Adam gibi, mış gibi yapmayan, kağıt üzerinde kalmayan insanlara…
Çocuklar serviste ölüyor…
Terörist karakolda polisi bıçaklıyor…
Gencecik kardeşimiz teröristlerin yerini gösterirken vuruluyor…
Fabrikada çıkan yangında insanlar can veriyor…
Birçok insan inşaat iskelesinden kafa üstü çakılıyor…
Çatılardan düşenler hiç eksik olmuyor…
Trafik kazalarında onlarca vatandaşımız canını yitiriyor…
Hastanelerde şifa bulmak isteyen hastalarımızın hayatı kabusa dönebiliyor…
Okullarımızda aydınlık bir gelecek arayan gençlerimiz karanlığa mahkum olabiliyor…
Adalet arayan birçok masum insanımız büyük adaletsizliklere uğrayabiliyor…
Üniversite mücadelesinde hata kurbanı olan gençlerimizin sayısı bir türlü azalmıyor…
Gerek MEB gerek ÖSYM hatasız sınav yapamıyor…
Vesaire vesaire…
Eminim daha onlarcasını sayabilirisiniz!
Gerek canımıza, gerek yaşamımıza ve geleceğimize mal olan birçok hata…
Nedeni ne?
İhmal!
İhmalin nedeni:
Bilgisizlik ve cehalet…
Çözüm:
Eğitim
Ama adam gibi, mış gibi yapılmayan, kağıt üzerinde kalmayan eğitim!
***
Yıllardır bir türlü alışamadığımız bölgemizdeki en önemli doğal risk!
Engel olmak imkansız!
Şiddetini engellemek mümkün değil.
Tek yol gerekli tedbirleri almak.
Defalarca yaşamış olduğumuz afetlerden ders çıkarmak.
Hiç unutmamak…
Sürekli anmak…
Gözyaşı dökmek…
Hiçbir şeyi çözmüyor.
Sonuç yine hüsran!
Olası bir İstanbul depreminde yaşanacak felaketler anlatıladursun…
Alınan önemli tedbirlerden bahsetmek güç.
En önemli konu yapı denetimi.
Onu bile devlet olarak gerçekleştiremiyoruz.
İnşaatı yapan şirketten ücret alan, onun emrinde çalışan kurumlara bırakıyoruz.
Okullarda verilen korunma eğitimleriyle her şeyi hallettiğimizi sanıyoruz.
Oda gerekli ancak yaşam alanlarını güçlendirmek yerine insanlara nasıl kaçacaklarını öğretmek yeterli mi?
Bu konuda hassas, insan hayatına değer veren müteahhitler yetiştirmek ilk hedefimiz olmalı.
Bunun için de toplum olarak hassas, bireye değer veren bir yaklaşımımız olmalı.
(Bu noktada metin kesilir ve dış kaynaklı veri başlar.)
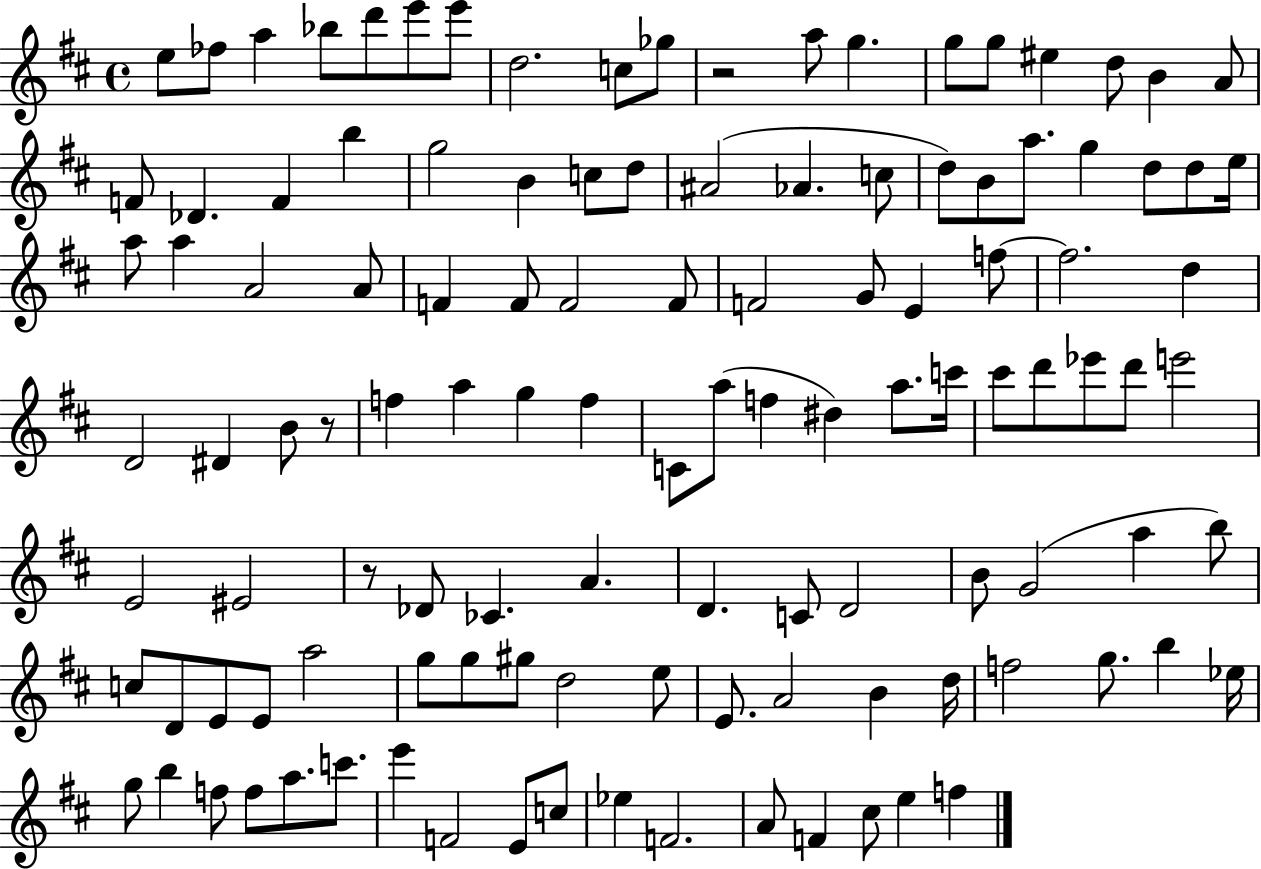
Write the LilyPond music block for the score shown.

İşini ihmal etmeyen, en iyisini yapmaya çalışan kurumlarımız olmalı.
Ama adam gibi, mış gibi yapmayan, kağıt üzerinde kalmayan kurumlarımız!
***
Enerji, var olduğu günden bu yana bölgemizin en önemli sorunlarından biri.
Sadece Cumhuriyetimizin değil, modernleşmeyle birlikte Osmanlının da önemli bir sorunuydu.
Yani yüzyıllardır çözemediğimiz önemli bir problemimiz.
Neden çözemediğimize gelince çeşitli tezler mevcut.
Yatarak rahatlarını bozmak istemeyen çevrelere sorarsanız hepsi Batının bir oyunu!
Ne yaparsak yapalım izin vermiyorlar, her işimizi engelliyorlar!
Bir şeyler yapmaya çalışan ve engellenen çevrelere sorarsanız her şey kendi tembelliğimizin sonucu…
Başkalarının bize müdahale edebilmesi bile çalışarak onların önüne geçemememizden kaynaklı.
Son günlerde sosyal medyada dolaşan bir video bunu bir kez daha somutlaştırıyor.
Sinan Küfeoğlu’nun verdiği röportajı izleyenler; nasıl engellendiğini, destek arayışlarının nasıl karşılıksız kaldığını hayretle izlemiştir.
Çağın en büyük ihtiyacına bu denli kayıtsız kalınmasına kahretmiştir.
Eğitim ve araştırma için yurtdışına gönderilen heyetlerin asıl işleri yerine nelerle uğraştıkları zaten malum…
Ama somut örnekler yine de acıtıcı oluyor.
İhmal ve sorumsuzluğun sonuçları bir kez daha gözümüze sokuluyor.
Sonuç:
Değişen bir şey yok.
Peki bunlar yaptırılmamalı mı?
Tabi yaptırılmalı!
Ama adam gibi, mış gibi yapmayan, kağıt üzerinde kalmayan insanlara yaptırılmalı.